For one thing, remote working – aka the virtual workplace – was practically unheard of just a few decades ago. Today, it’s estimated that around 30% of the entire work force has worked remotely at some point or another. Modern technology has transformed every device with a working Internet connection into a fully functional office suite.
Frequent Job Changes
The vast majority of employees are always on the lookout for a bigger and better deal. In times gone by, it was the norm for people to stay with the same company for 30 or 40 years, before leaving with a gold-plated watch and a decent pension. These days, it’s the norm for people to stick with the company for no more than five years, before searching for greener pastures.
Equality and Diversity
Particularly in the United Kingdom and the United States, there’s been a gradual yet radical adoption of workplace equality and diversity policies. Rather than simply encouraging workplace diversity, official government policy has made it a legal requirement to champion diversity and equal opportunities. Discrimination in any form is no longer tolerated and is considered abhorrent.
Flexible Dress Codes
Some of the world’s biggest and most successful companies have acknowledged the fact that you don’t necessarily have to dress in a stiff power-suit to do a good job. Enormous enterprises like Google encourage their workforce to express their personalities and individuality, wearing pretty much anything they want to work. Piercings, tattoos, gravity-defying hairstyles – all part and parcel of the modern office experience.
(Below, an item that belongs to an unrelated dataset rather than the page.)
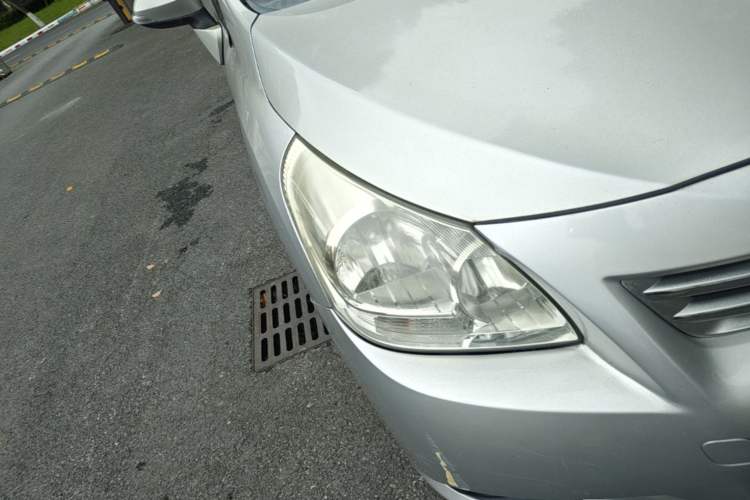 Used Toyota Verso 2014 Starlight 180E CVT Elite Edition Right Front Headlight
It may be hard to believe, that there was once a time when the prospect of any lower-level member of the workforce communicating directly with ‘the boss’ would have be out of the question. Particularly if said employee wanted to make a rather outlandish suggestion, or bring up a grievance of some kind. Today, employees at all levels are actively encouraged to share their thoughts and opinions with their superiors. Communication in general in the average workplace has transformed beyond recognition over recent years.
No longer can an organisation expect to get away with operating in a shroud of secrecy. Company policies, salaries, benefits, promotion opportunities, organisational performance – extensive efforts are made to keep all employees in the loop. The idea being that by ensuring everyone is on the same page, everyone takes equal pride in their work and performs better accordingly.
Even as recently as the mid-1990s, it was comparatively rare for anyone other than an executive to carry a mobile phone. Today, it’s almost unheard of for anyone not to carry a mobile phone. The result of which is the near-constant availability of workers at all levels on a 24/7 basis. The ability to contact any person from any place in the world at any time has radically transformed the way the world does business.
General Workplace Culture
Last but not least, the culture of the modern workplace embraces motivation, satisfaction and enjoyment at an unprecedented level. Businesses worldwide are acknowledging the fact that when employees are happy to come to work, they perform better. Flexible working hours, a relaxed working environment, stocked kitchens, pool tables, coffee machines and so on – all having an enormous impact on employee motivation and retention. It’s taken some time, but it’s now acknowledged that the most effective way to motivate workers is to create an enjoyable working environment – not simply force them to do the job.